As we enter 2020, there are many signs that show Canada and other parts of the world are facing many uncertainties. The U.S. and China — the world’s two largest economies — are still embroiled in a trade war, which, if not resolved, could push our economies into a recession.
For Canada, that outcome could be devastating, as its main exports, including energy and minerals, could suffer. With the pipeline capacity issues remaining unresolved and oil prices remaining weak, we could hit the rough waters sooner than our neighbor.
With these economic uncertainties in mind, it’s important for long-term investors to buy dividend stocks, which have the power to withstand the turbulent times better than other companies.
One of the biggest challenges for retail investors is how to identify such stocks. One way to achieve that goal is to look for companies that pay consistent dividends and grow them over time. In other words, look for solid dividend-growth stocks, as they are your best defence when asset prices fall.

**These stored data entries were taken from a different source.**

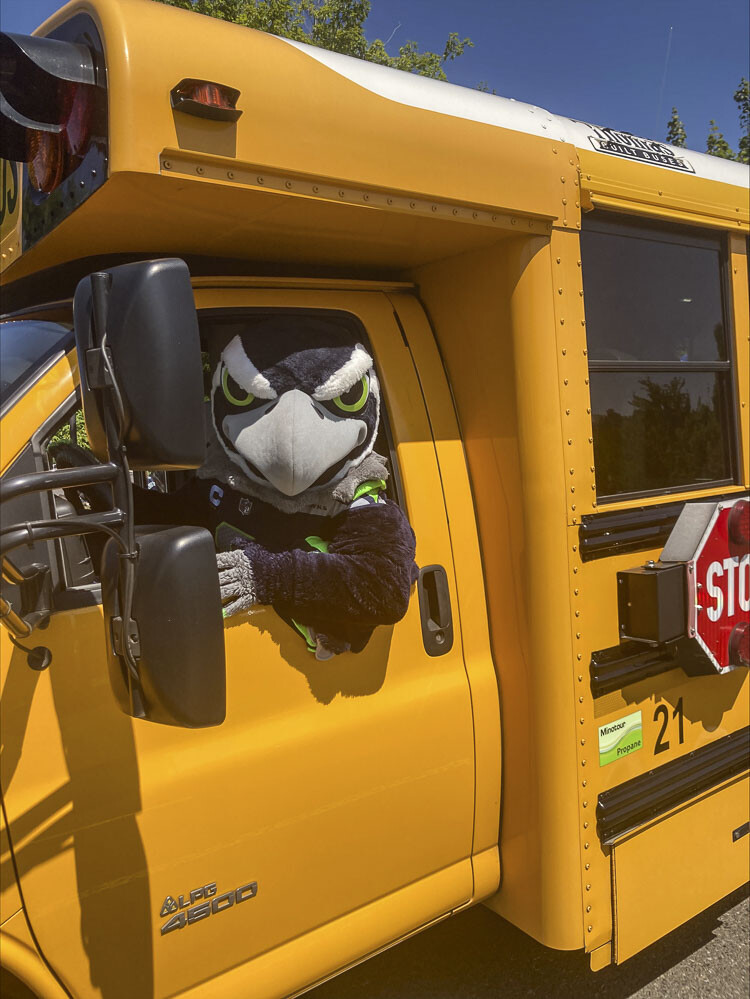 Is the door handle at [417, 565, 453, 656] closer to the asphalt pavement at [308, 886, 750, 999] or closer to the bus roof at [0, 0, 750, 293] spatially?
the bus roof at [0, 0, 750, 293]

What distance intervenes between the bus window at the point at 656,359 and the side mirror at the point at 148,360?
134 centimetres

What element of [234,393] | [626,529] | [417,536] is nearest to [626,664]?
[626,529]

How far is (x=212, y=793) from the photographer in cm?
185

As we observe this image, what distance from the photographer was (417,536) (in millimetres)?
2215

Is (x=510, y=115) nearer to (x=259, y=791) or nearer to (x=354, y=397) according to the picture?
(x=354, y=397)

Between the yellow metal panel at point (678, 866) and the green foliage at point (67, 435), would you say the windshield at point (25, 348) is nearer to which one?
the green foliage at point (67, 435)

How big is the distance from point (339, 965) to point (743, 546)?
1.72 meters

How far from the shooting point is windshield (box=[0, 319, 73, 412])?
69.3 inches

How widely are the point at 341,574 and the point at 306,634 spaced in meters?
0.18

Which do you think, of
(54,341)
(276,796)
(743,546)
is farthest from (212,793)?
(743,546)

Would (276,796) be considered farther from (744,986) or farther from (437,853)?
(744,986)

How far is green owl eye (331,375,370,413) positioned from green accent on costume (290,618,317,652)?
1.78 ft

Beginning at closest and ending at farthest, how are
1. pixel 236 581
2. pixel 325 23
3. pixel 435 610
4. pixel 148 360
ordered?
pixel 148 360
pixel 236 581
pixel 435 610
pixel 325 23

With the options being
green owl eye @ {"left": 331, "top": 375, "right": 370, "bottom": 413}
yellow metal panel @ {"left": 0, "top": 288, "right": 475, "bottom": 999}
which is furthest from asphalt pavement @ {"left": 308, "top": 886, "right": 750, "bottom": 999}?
green owl eye @ {"left": 331, "top": 375, "right": 370, "bottom": 413} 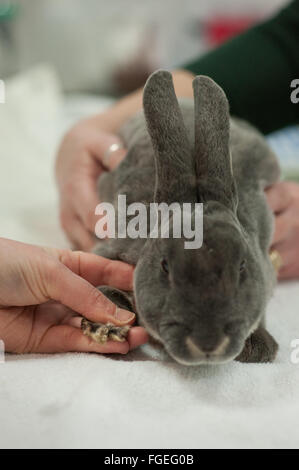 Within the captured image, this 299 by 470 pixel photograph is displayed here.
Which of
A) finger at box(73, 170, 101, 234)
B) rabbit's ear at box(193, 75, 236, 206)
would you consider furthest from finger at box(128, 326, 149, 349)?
finger at box(73, 170, 101, 234)

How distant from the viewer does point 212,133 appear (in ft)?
2.87

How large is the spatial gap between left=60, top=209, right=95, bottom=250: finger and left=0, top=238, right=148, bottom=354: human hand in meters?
0.33

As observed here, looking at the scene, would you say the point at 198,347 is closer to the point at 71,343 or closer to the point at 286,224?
the point at 71,343

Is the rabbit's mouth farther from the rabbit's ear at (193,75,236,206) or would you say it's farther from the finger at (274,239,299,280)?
the finger at (274,239,299,280)

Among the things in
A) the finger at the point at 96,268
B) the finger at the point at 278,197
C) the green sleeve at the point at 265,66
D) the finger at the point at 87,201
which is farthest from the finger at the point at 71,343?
the green sleeve at the point at 265,66

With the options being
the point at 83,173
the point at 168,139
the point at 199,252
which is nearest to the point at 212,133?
the point at 168,139

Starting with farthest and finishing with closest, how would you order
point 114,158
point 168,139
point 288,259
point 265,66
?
point 265,66 → point 288,259 → point 114,158 → point 168,139

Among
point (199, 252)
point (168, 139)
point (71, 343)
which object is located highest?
point (168, 139)

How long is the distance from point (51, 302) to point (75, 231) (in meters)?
0.47

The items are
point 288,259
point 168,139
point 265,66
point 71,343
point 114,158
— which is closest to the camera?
point 168,139

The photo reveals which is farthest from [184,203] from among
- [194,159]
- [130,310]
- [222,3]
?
[222,3]

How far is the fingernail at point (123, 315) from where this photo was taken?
3.19ft

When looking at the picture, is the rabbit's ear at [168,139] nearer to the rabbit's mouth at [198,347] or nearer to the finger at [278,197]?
→ the rabbit's mouth at [198,347]

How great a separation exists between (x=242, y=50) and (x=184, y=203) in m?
1.08
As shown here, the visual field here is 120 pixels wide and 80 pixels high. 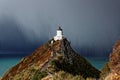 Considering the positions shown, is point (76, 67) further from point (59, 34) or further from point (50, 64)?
point (50, 64)

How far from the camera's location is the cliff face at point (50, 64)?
103m

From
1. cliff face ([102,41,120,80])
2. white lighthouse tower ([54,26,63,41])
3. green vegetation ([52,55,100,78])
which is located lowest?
green vegetation ([52,55,100,78])

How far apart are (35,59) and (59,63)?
17795 millimetres

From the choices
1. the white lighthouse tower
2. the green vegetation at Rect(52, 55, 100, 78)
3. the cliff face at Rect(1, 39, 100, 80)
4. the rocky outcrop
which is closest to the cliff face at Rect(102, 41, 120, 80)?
the rocky outcrop

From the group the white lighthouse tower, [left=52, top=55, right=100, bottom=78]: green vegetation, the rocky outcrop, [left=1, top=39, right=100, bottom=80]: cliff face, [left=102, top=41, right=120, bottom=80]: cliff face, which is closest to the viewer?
[left=102, top=41, right=120, bottom=80]: cliff face

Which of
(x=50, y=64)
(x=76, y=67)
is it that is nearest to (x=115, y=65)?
(x=50, y=64)

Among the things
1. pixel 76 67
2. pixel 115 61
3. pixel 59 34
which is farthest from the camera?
pixel 59 34

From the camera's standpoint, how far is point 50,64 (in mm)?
107062

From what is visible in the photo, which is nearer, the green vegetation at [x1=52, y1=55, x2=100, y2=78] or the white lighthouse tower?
the green vegetation at [x1=52, y1=55, x2=100, y2=78]

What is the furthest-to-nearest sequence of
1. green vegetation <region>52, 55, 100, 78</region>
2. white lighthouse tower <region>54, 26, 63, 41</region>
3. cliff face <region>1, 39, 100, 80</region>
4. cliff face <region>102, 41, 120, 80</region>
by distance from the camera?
white lighthouse tower <region>54, 26, 63, 41</region>
green vegetation <region>52, 55, 100, 78</region>
cliff face <region>1, 39, 100, 80</region>
cliff face <region>102, 41, 120, 80</region>

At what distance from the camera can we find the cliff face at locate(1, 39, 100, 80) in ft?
338

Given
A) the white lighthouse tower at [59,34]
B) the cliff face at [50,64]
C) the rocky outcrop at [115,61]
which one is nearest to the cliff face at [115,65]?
the rocky outcrop at [115,61]

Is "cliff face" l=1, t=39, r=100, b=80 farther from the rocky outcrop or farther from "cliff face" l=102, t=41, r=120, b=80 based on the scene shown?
"cliff face" l=102, t=41, r=120, b=80

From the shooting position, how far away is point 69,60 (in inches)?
5123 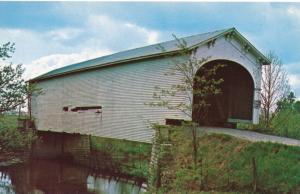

Some advisors recommend putting the majority of your assets in cash, some of them in safe-haven assets, such as government bonds and gold, to get your portfolio recession-proof. That approach certainly suits very conservative investors who don’t want to avoid risk.
A recession-proof stock
However, you can still make decent returns and at the same time be conservative if you add some high-quality, recession-proof stocks in your portfolio.
Research has shown that the companies that provide basic services, such power and gas utilities, telecom operators, healthcare providers, and real estate investment trusts (REITs), outperform in economic downturns and recessions.
These companies continue to generate cash flows and distribute most of those inflows in dividends. Earning consistent dividends means you are still getting income while waiting for the markets to recover.
If you’re planning to buy dividend stocks right now, then North America’s largest pipeline operator Enbridge (TSX:ENB)(NYSE:ENB) is one of your best bets. The company is in a good position to take advantage of North America’s strong energy economy.
The company operates across North America, fueling the economy and fulfilling consumers’ energy needs. Enbridge moves nearly two-thirds of Canada’s crude oil exports to the U.S., transports about 20% of the natural gas consumed in the U.S., and operates North America’s third-largest natural gas utility by consumer count. Another reason to buy a dividend stock like Enbridge is that when interest rates fall, these stocks become more attractive.
Enbridge, which currently yields about 6% a year, is offering quite an attractive risk/reward equation. Its current return is still much higher than what you can earn on safer assets, such as government bonds. And if the Bank of Canada starts cutting rates, then this yield will become more lucrative for those who own this name.
Bottom line
Enbridge is a good defensive stock to hold on to when the economic headwinds are gathering pace. The company pays a $0.73-a-share quarterly dividend. The payout has been expected to rise 10% per year.